Last week all eyes were on Cop26, the global climate conference in Glasgow, and rightly so.
World leaders, youth, entrepreneurs, and citizens gathered and debated how we will save ourselves from the climate crisis we have caused.
As the leader of a country whose very existence depends on the outcome, I was heartened to see so many people take to the streets to demand action.
Now I ask everyone to look beyond the Cop and push for climate ambition and equity in international shipping.
Cop26 concluded with lots of commitments and promises from both the public and private sectors.
Although this is still not enough, it is more than we have seen before, and hopefully marks the start of a new momentum that will lead us to a zero-carbon future by 2050.
For the billions of people across the globe in harm’s way, there is simply no other choice.
If words are not translated into action, we have accomplished nothing. Because solving climate change is not about attending a conference.
It is about making transformational change to the way the world works, ending our reliance on fossil fuels and ensuring that – for the first time in human history – we are not building systems that exploit the most vulnerable among us, but instead increase equity.
The first test comes up this week, at a meeting of the UN’s shipping agency called the International Maritime Organisation (IMO).
From the historic banks of the River Thames in London, 175 IMO member states regulate international shipping.
A sector that delivers 80% of all goods across the globe – yet produces an estimated 2% of global greenhouse gas emissions every year.
For decades the IMO has quietly gone about its business, a club of nations and shipping companies shaking hands well outside the public eye.
The IMO’s current climate ambition – adopted just in 2018 – is to reduce emissions by at least 50% by 2050.
This is a far cry from what is needed to address the “code red” warning we have been given on climate change, and well out of step with current calls for a zero-emission world by 2050.
One group of countries trying to change this at Cop26 has been the Climate Vulnerable Forum.
It includes over 50 vulnerable countries that are on the frontline of climate impacts as well as major maritime nations like my own, with key roles to play at the IMO.
In the Dhaka-Glasgow Declaration adopted at Cop26, we called on the IMO to set targets that will clearly align the sector with the goal of keeping temperature increases to 1.5C or below, and to implement policy that simultaneously drives technology change and improves equity.
The IMO has in the past taken bold actions, such as on safety and oil spill prevention.
With shipping the cornerstone of new energy use and supply, as well as of trade and development, the agency is uniquely positioned to show leadership again and drive the action needed to deliver on climate ambition, innovation, and equity.
The world must turn its gaze to the IMO this November.
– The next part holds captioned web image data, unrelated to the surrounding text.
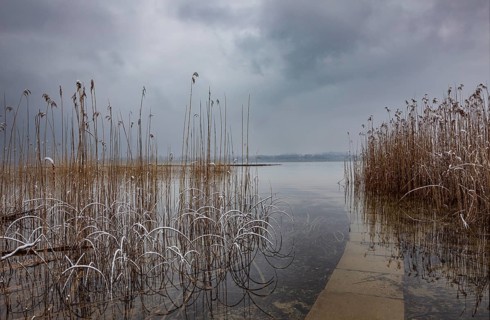 Reed belt with gloomy clouds in winter at Lake Mondsee, Salzkammergut, Upper Austria, Austria,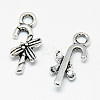 Tibetan Style Alloy Charms X-TIBE-S301-028AS-NR-1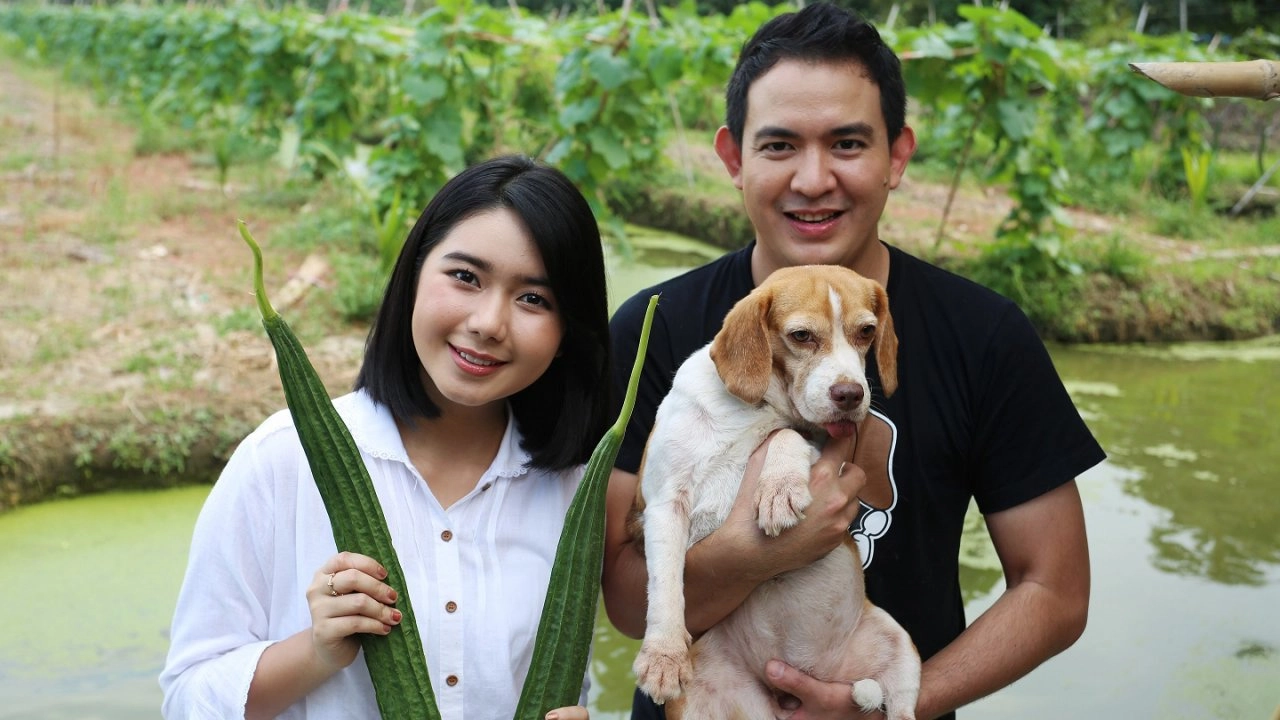 บวบเหลี่ยม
There, countries – the same countries that have just left Glasgow with grand statements of commitment and ambition – will be deciding whether to translate their climate pledges into concrete action at the IMO.
They have in their power to choose a new path for international shipping, with strong investment in green technologies, clean fuels and ports, and economic opportunities that support a just and equitable transition to a zero-emissions future.
Or they can continue with uncertainty, weak investments and a trajectory that will see emissions from shipping rise by up to 30% by 2050, making the goals of the Paris Agreement all but unattainable.
If the IMO takes bold and ambitious action, I believe there is hope for the larger commitments laid out in Glasgow. If not, it will be another nail in the coffin of nations like the Marshall Islands, and the millions of people whose homes and livelihoods will be destroyed by uncontrolled climate change.
I call on fellow leaders, heads of states, CEOs, and civil society, from around the world to help ensure that actions taken at the IMO and across the international community measure up to the rhetoric we have heard. It is up to us to shine the light on these discussions and ensure there is action.
David Kabua is the president of the Marshall Islands.